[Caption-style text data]

-------

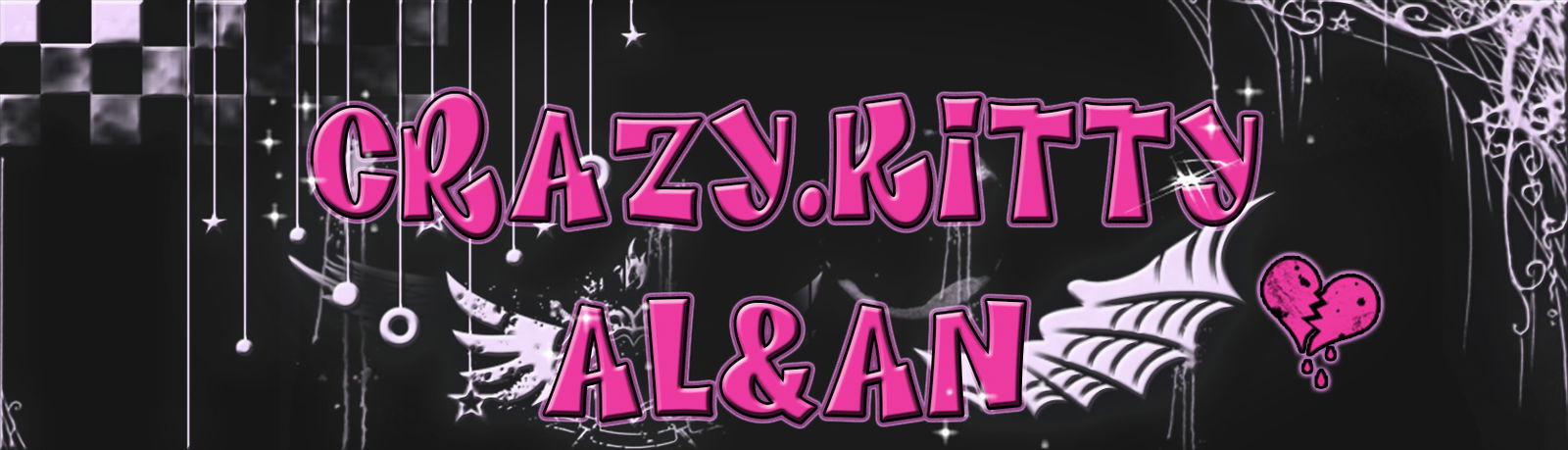 CrazzyKitty profile banner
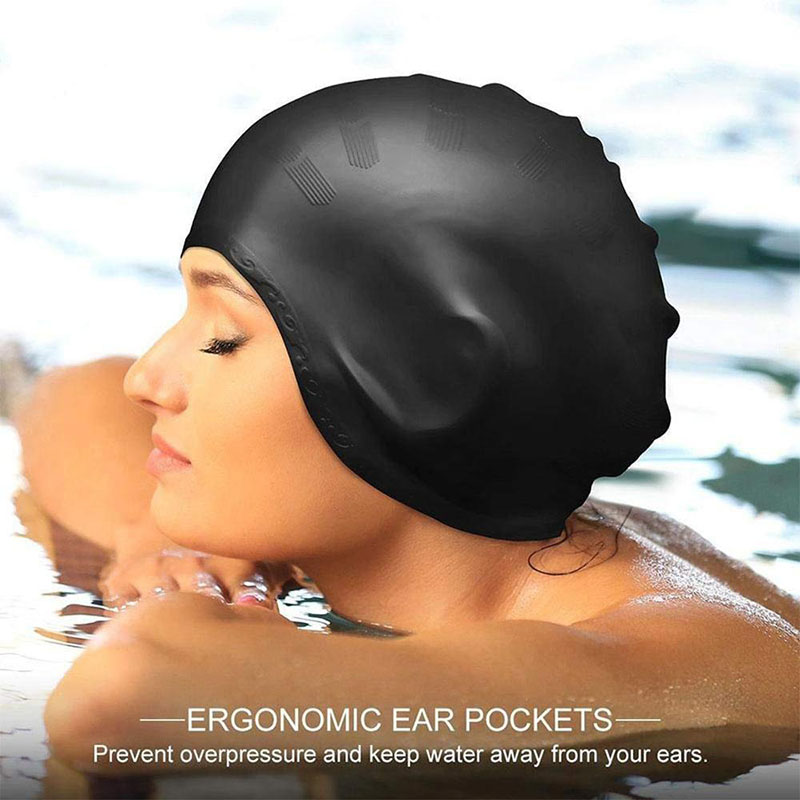 Adultos toucas de natação das  - Aquatic Sports Cap avaliação e preço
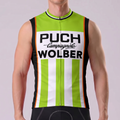 PUCH WOLBER Sleeveless Cycling Jersey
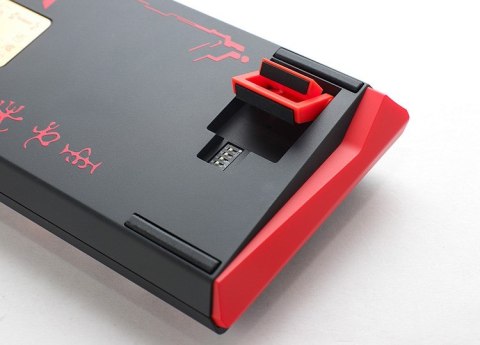 Ducky One 3 SF Doom limited Editon klawiatura Gaming USB QWERTY British English Wielobarwny Ducky One 3 SF Doom limited Editon klawiatura Gaming USB QWERTY British English Wielobarwny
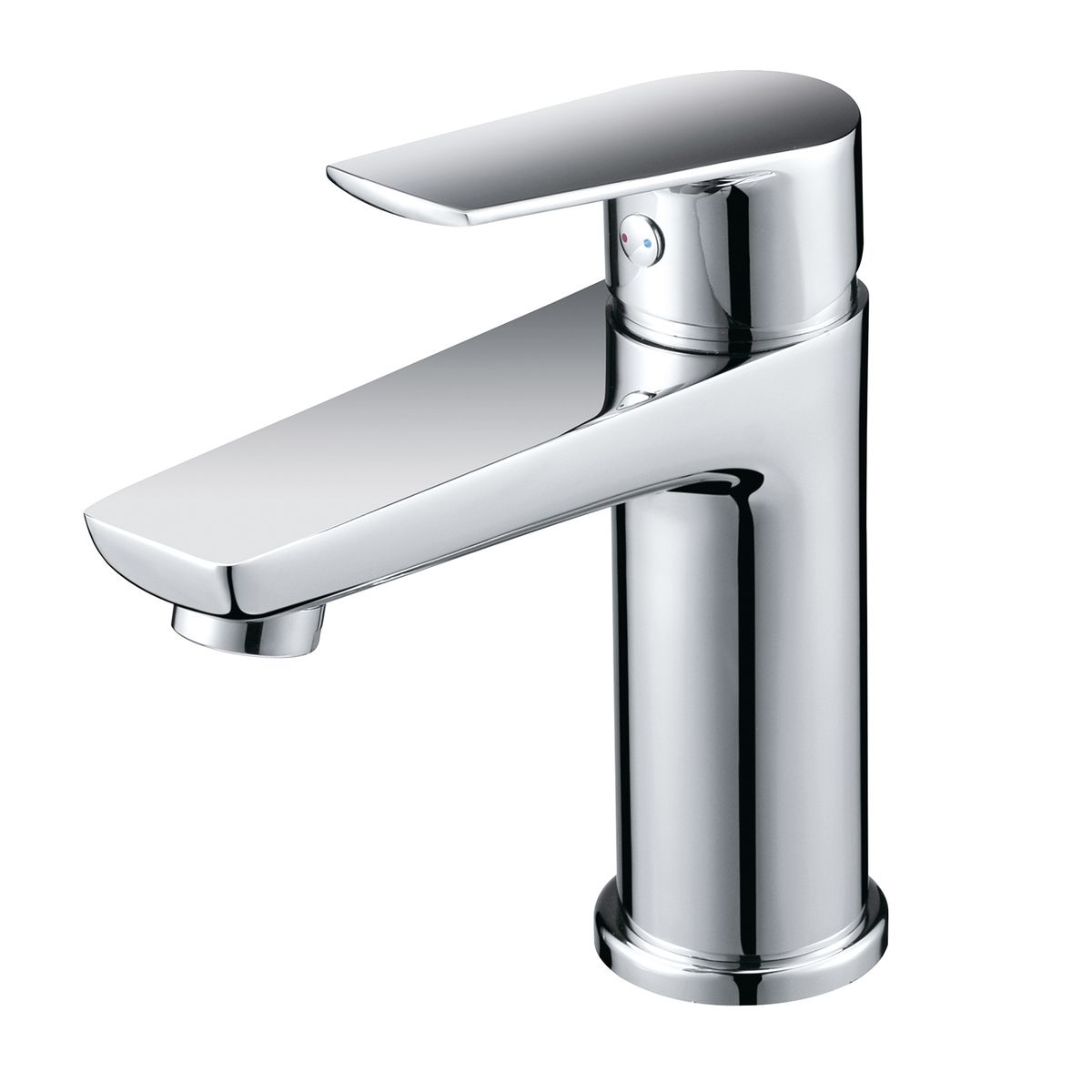 UNITEX - Monomando Lavatorio Cromo 15010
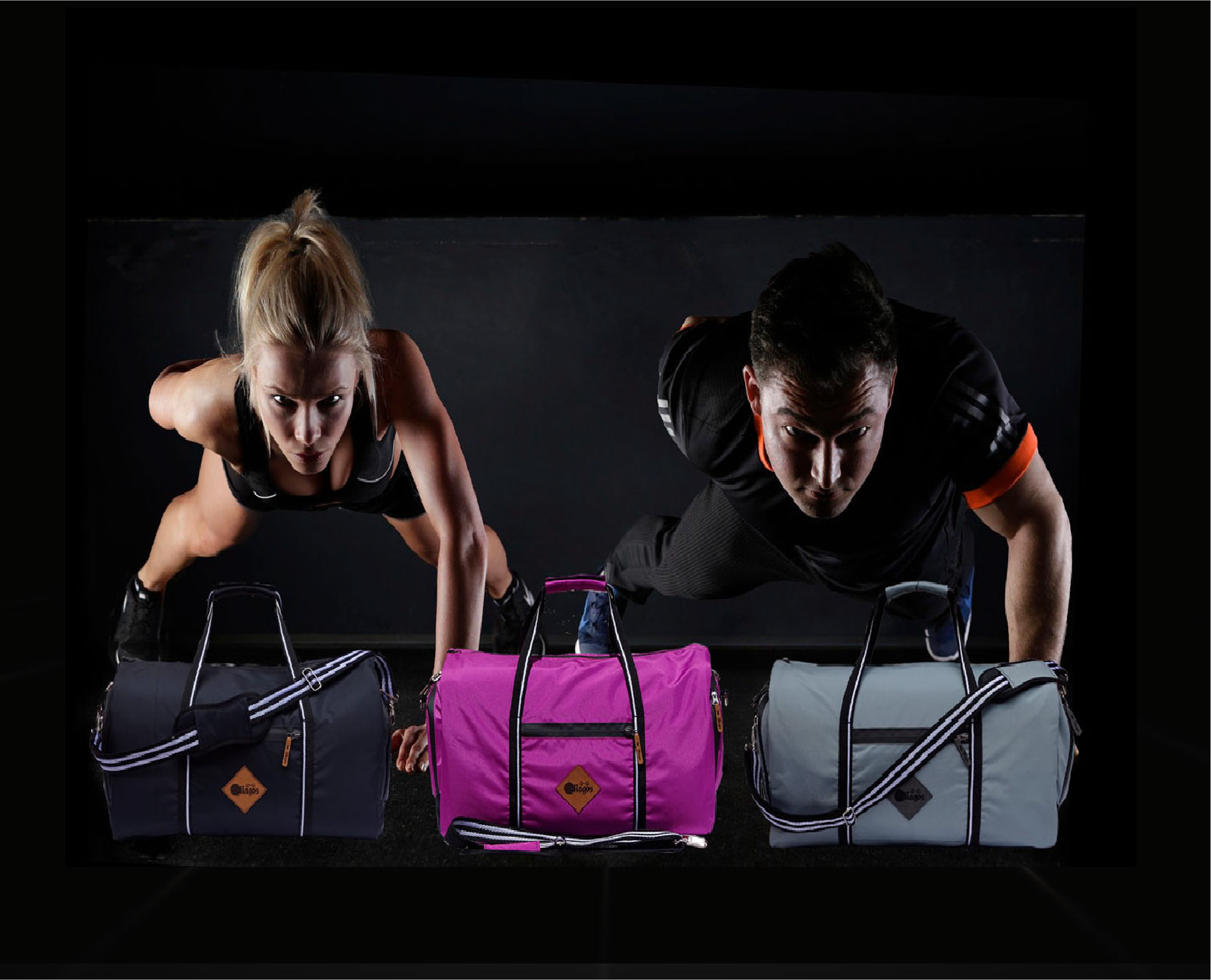 Maletas de Gimnasio
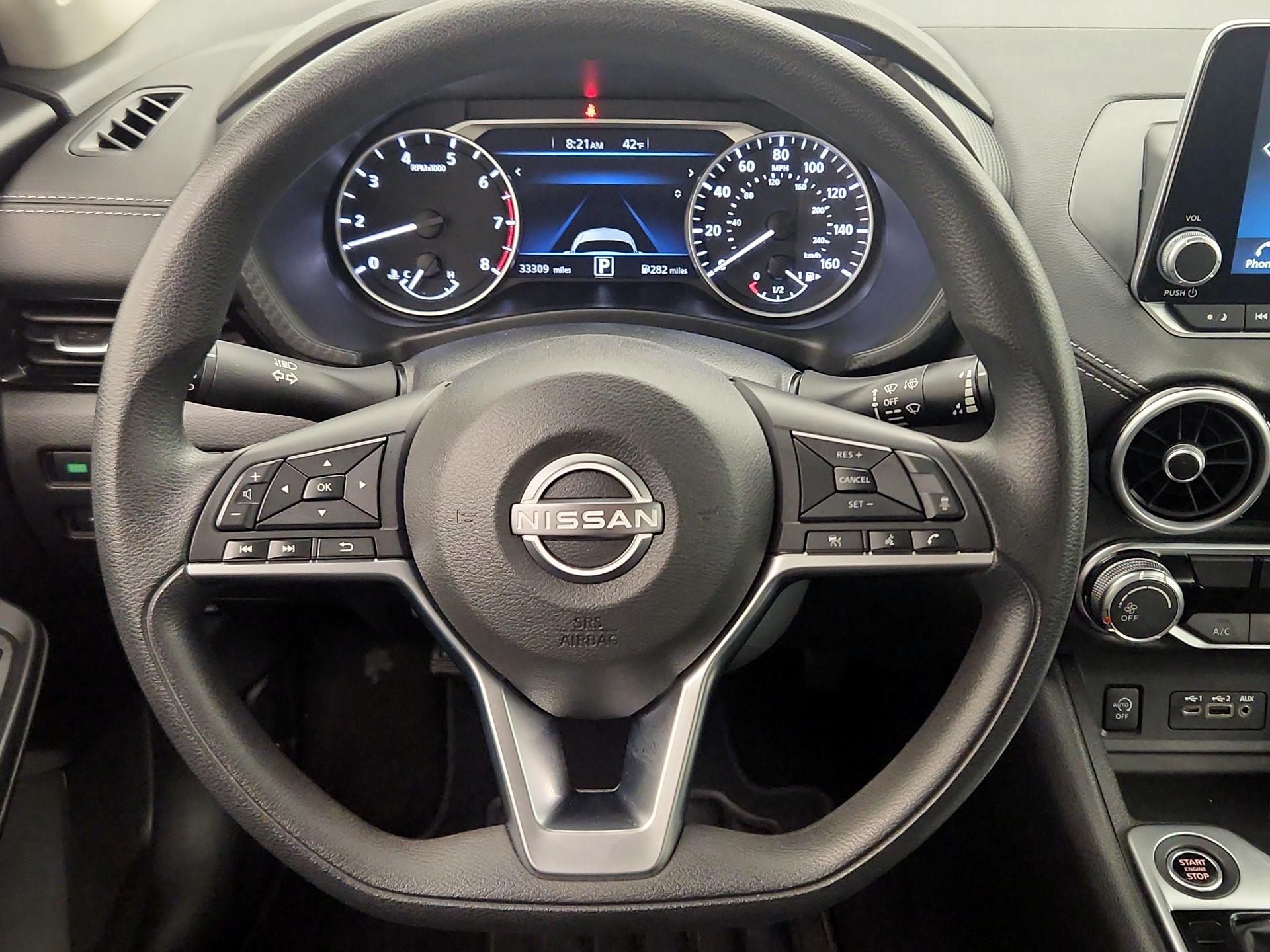 Thumbnail: 2024 Nissan Sentra - 10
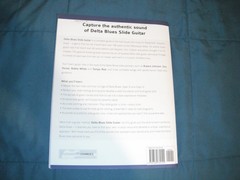 Delta Blues Slide Guitar a complete guide by Levi Clay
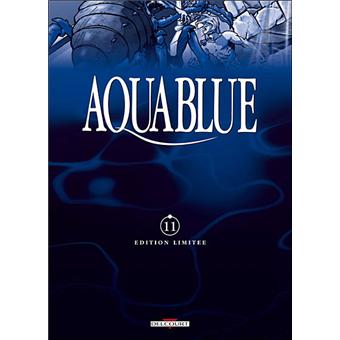 Aquablue - Aquablue, La forteresse de sable (édition limitée) T11 - 1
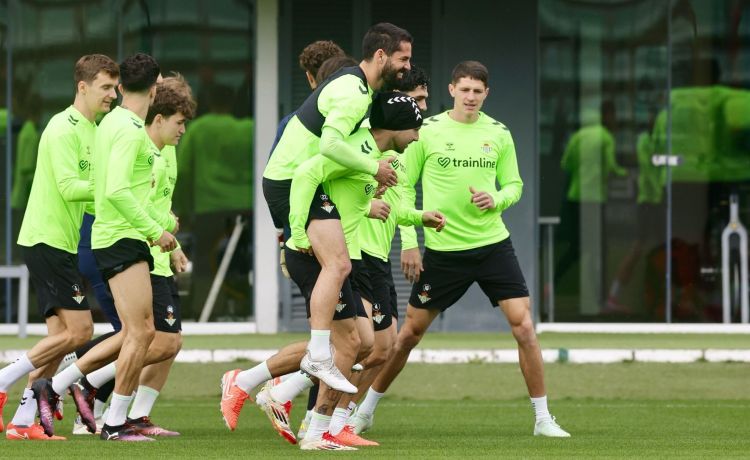 “Isco es el primero en estar, el primero en correr…” “Isco es el primero en estar, el primero en correr…”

-------

Aim of the task — Produce a verbatim copy of every entry, excluding pictures.

Result for this task —
 CrazzyKitty profile banner
 Adultos toucas de natação das  - Aquatic Sports Cap avaliação e preço
 PUCH WOLBER Sleeveless Cycling Jersey
 Ducky One 3 SF Doom limited Editon klawiatura Gaming USB QWERTY British English Wielobarwny Ducky One 3 SF Doom limited Editon klawiatura Gaming USB QWERTY British English Wielobarwny
 UNITEX - Monomando Lavatorio Cromo 15010
 Maletas de Gimnasio
 Thumbnail: 2024 Nissan Sentra - 10
 Delta Blues Slide Guitar a complete guide by Levi Clay
 Aquablue - Aquablue, La forteresse de sable (édition limitée) T11 - 1
 “Isco es el primero en estar, el primero en correr…” “Isco es el primero en estar, el primero en correr…”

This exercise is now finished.